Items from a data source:

*** Begin section ***

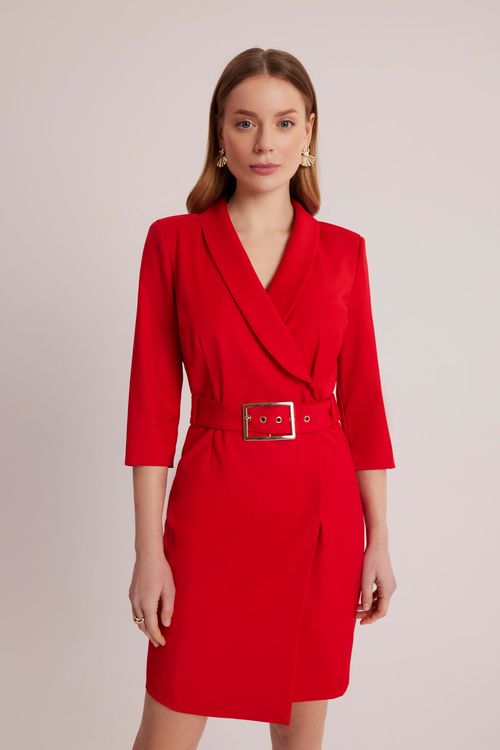 Elegancka czerwona sukienka Makalu
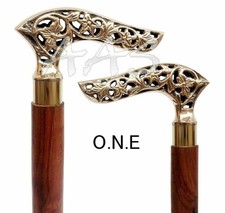 BRASS VICTORIAN HANDLE WOODEN VINTAGE STYLE WALKING STICK CANE DESIGNER STYLE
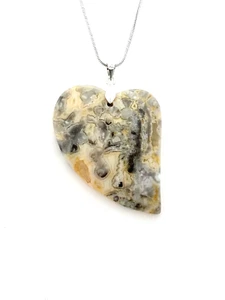 Natural Multicolor Crazy Lace Agate Pendant Necklace w/Sterling Silver Chain - Picture 1 of 1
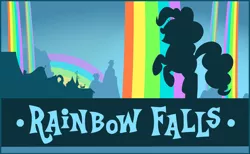 Size: 844x520 | Tagged: safe, pinkie pie, earth pony, pony, rainbow falls, female, friendship celebration, image, mare, open smile, png, postcard, prancing, rainbow, rainbow background, side view, silhouette, solo, text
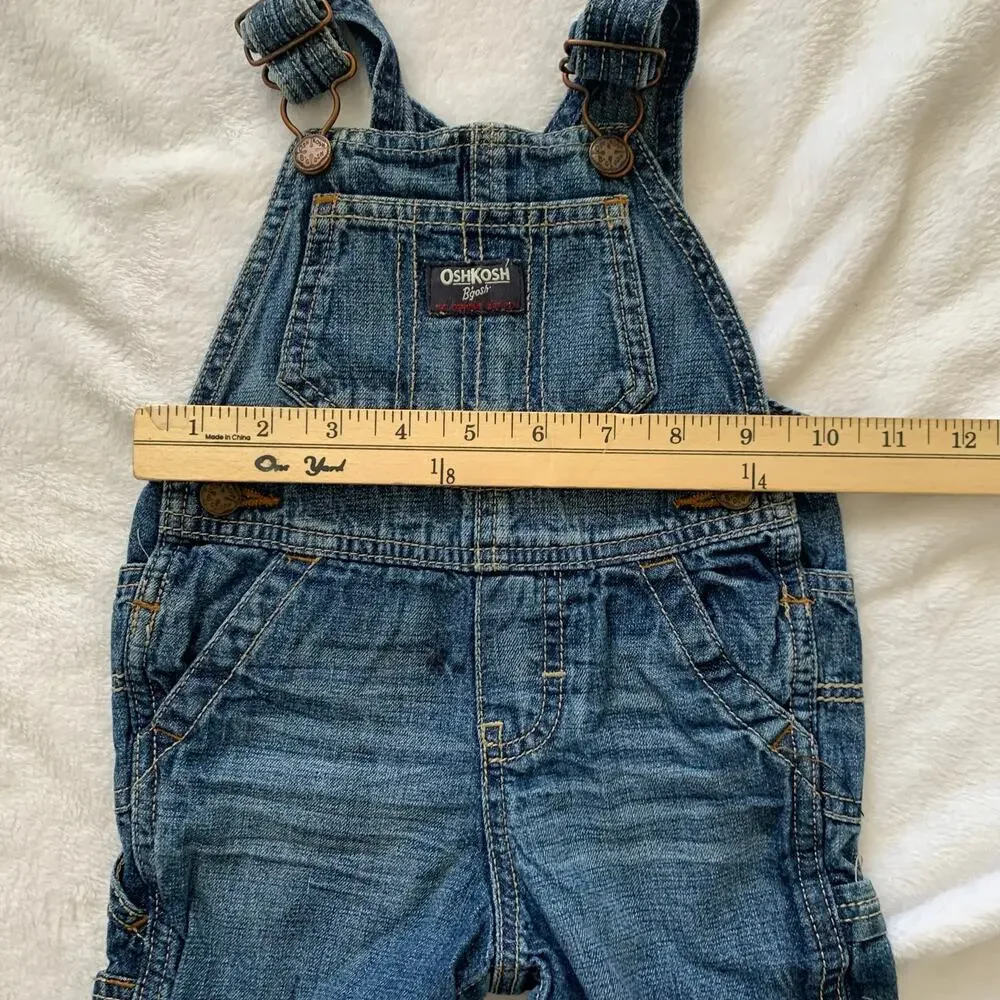 OshKosh B'gosh Unisex 12 Months Overalls Blue Denim Shortalls Farmer Country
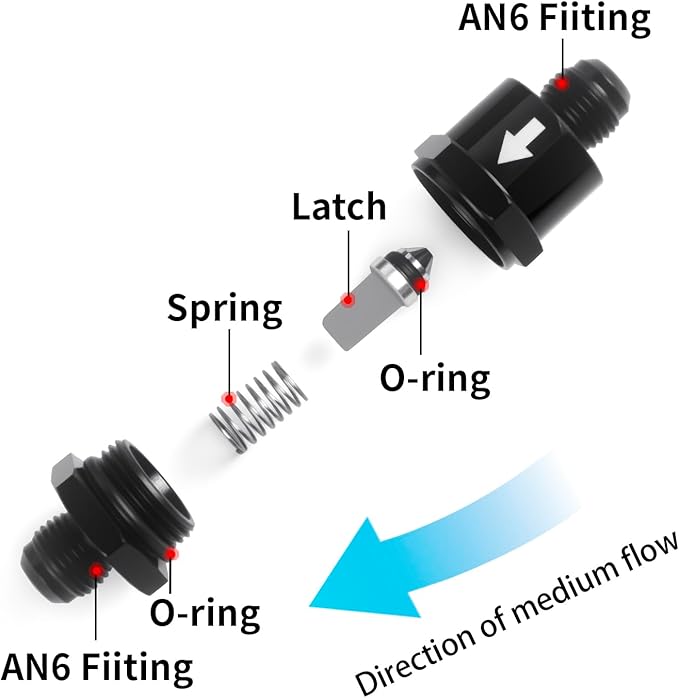 AN6 One Way Non Return Check Valve 6AN to AN6 Male Flare Inline Fitting Aluminum Black 2PCS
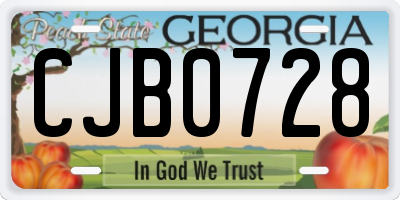 GA license plate CJB0728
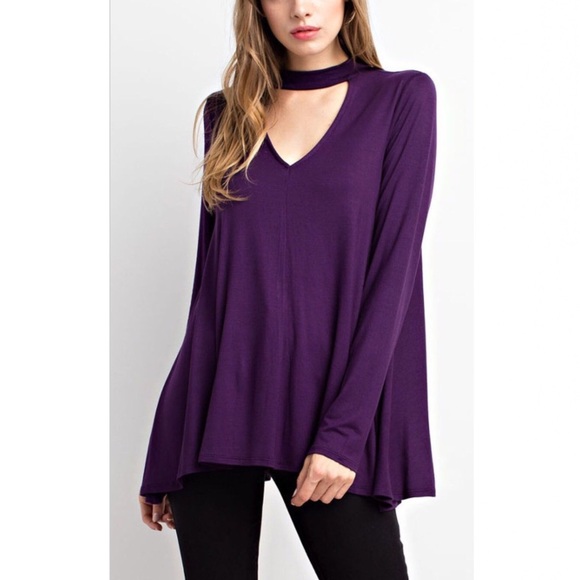 Tops - V-Cut  Eggplant Choker Top M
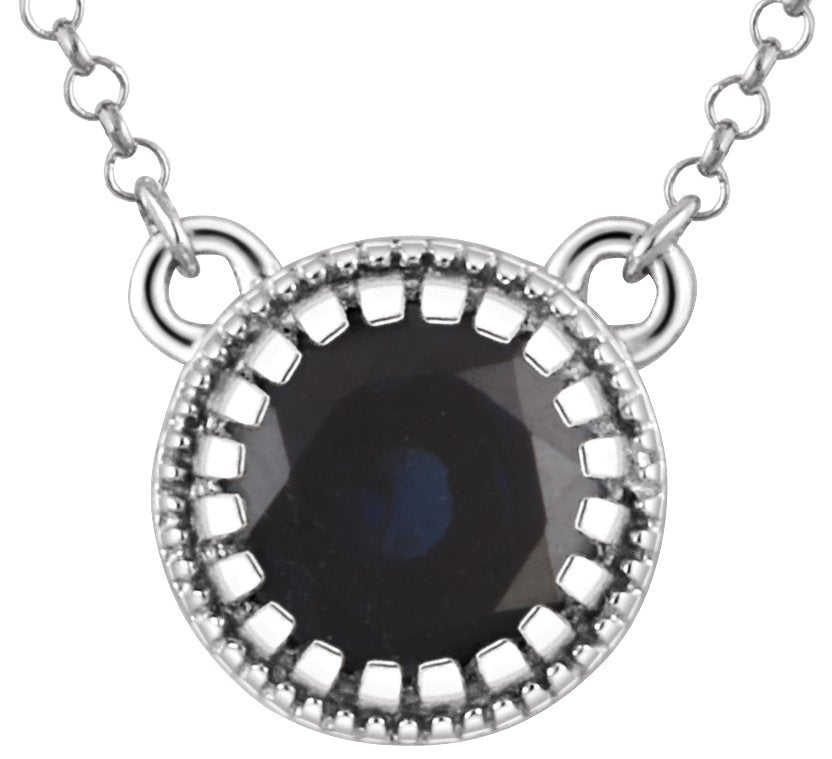14K White Blue Sapphire September 18 Birthstone Necklace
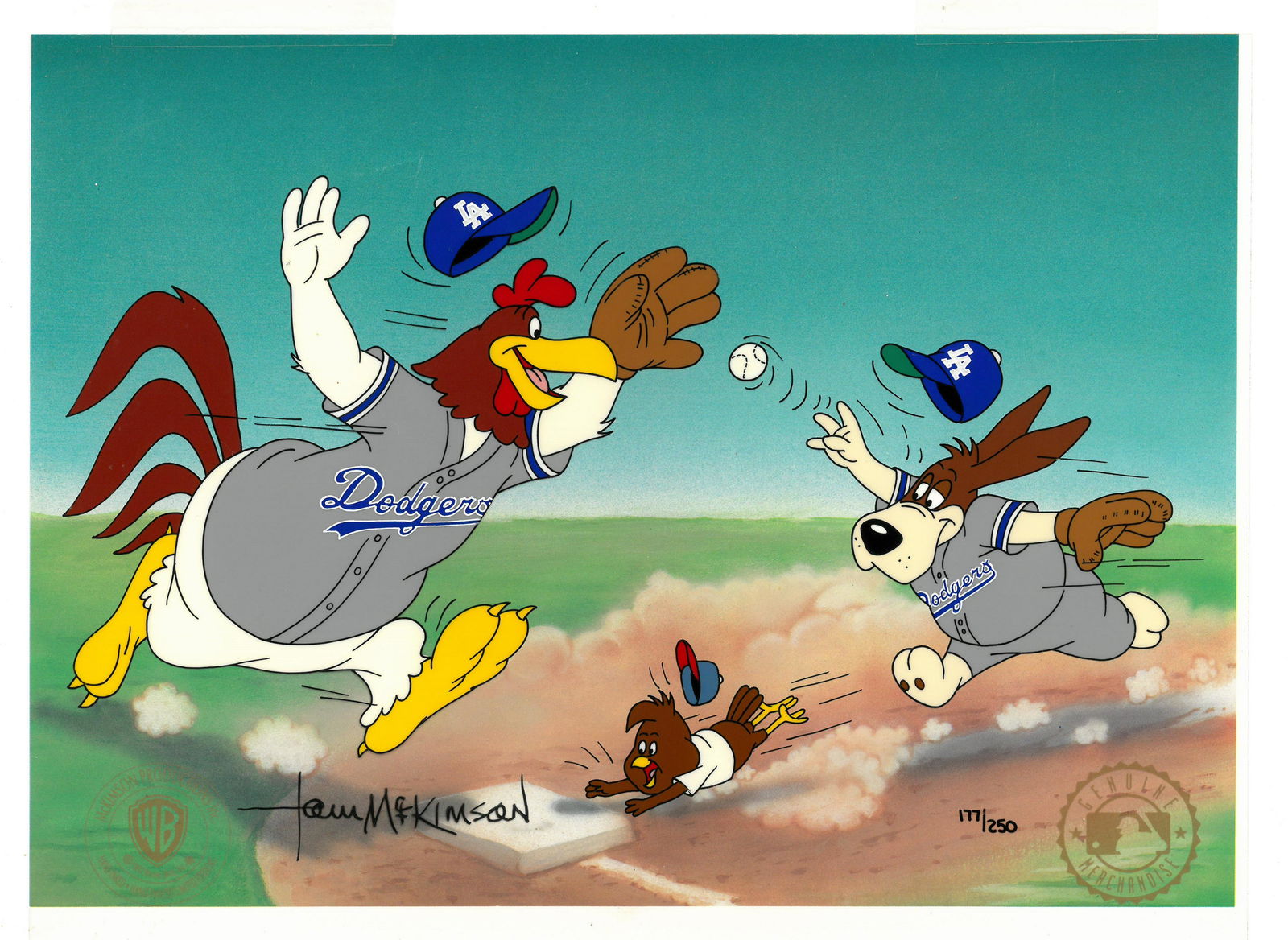 Dodgers - Signed Hand-Painted Foghorn and Henry Cel (1 of 2)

*** End section ***

What to do: Where the line containing "AN6 One Way" appears above, start there and set down each line exactly through the last line of the data; leave out every picture.

Solved problem:
 AN6 One Way Non Return Check Valve 6AN to AN6 Male Flare Inline Fitting Aluminum Black 2PCS
 GA license plate CJB0728
 Tops - V-Cut  Eggplant Choker Top M
14K White Blue Sapphire September 18 Birthstone Necklace
 Dodgers - Signed Hand-Painted Foghorn and Henry Cel (1 of 2)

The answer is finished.